> _WORK INSTRUCTIONS_
Below are records; how many of their lines contain "Madrid"? Give the number and no other words.
Segment Start: RAW DATA
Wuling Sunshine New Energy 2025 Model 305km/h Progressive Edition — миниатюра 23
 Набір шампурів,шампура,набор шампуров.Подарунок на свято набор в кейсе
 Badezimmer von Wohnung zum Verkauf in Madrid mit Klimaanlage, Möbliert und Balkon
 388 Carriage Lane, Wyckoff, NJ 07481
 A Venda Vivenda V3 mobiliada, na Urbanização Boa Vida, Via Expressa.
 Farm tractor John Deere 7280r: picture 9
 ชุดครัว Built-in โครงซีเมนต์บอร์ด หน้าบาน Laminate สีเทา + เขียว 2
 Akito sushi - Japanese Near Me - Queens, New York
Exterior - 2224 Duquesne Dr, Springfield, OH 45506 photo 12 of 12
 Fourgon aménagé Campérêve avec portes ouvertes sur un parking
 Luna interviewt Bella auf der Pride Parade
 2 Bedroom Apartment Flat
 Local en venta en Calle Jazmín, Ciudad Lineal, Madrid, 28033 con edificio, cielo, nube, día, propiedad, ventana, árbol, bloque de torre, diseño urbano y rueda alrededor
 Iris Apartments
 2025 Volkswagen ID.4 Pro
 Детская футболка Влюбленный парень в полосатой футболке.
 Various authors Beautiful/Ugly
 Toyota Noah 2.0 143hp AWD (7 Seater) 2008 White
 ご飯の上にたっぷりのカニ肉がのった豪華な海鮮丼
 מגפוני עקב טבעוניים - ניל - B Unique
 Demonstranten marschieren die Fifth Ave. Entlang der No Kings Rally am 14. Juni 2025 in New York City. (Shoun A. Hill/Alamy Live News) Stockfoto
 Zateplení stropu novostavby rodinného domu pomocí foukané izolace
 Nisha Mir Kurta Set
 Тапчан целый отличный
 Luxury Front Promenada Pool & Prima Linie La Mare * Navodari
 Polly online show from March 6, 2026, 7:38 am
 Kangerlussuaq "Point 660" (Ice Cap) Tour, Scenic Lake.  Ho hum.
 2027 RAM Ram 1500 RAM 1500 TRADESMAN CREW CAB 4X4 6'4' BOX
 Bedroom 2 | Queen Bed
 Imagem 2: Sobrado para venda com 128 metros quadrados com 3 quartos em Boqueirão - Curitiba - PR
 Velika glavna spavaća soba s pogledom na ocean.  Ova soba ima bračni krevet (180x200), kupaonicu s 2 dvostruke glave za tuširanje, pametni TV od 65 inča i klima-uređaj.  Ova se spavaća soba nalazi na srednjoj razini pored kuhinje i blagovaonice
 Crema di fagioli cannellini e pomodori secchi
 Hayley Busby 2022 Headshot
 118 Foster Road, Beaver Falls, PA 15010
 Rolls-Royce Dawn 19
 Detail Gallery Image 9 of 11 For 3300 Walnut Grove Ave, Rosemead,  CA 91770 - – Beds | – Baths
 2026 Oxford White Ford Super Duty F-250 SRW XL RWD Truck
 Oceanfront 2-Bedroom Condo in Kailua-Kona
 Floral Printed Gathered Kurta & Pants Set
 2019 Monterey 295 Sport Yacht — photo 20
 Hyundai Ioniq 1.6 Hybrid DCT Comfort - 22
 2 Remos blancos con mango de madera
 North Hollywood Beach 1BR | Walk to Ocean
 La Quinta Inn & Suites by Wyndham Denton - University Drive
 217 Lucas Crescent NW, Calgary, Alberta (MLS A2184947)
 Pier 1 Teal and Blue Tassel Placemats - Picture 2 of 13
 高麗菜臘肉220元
Segment End: RAW DATA
> _TASK RESPONSE_
2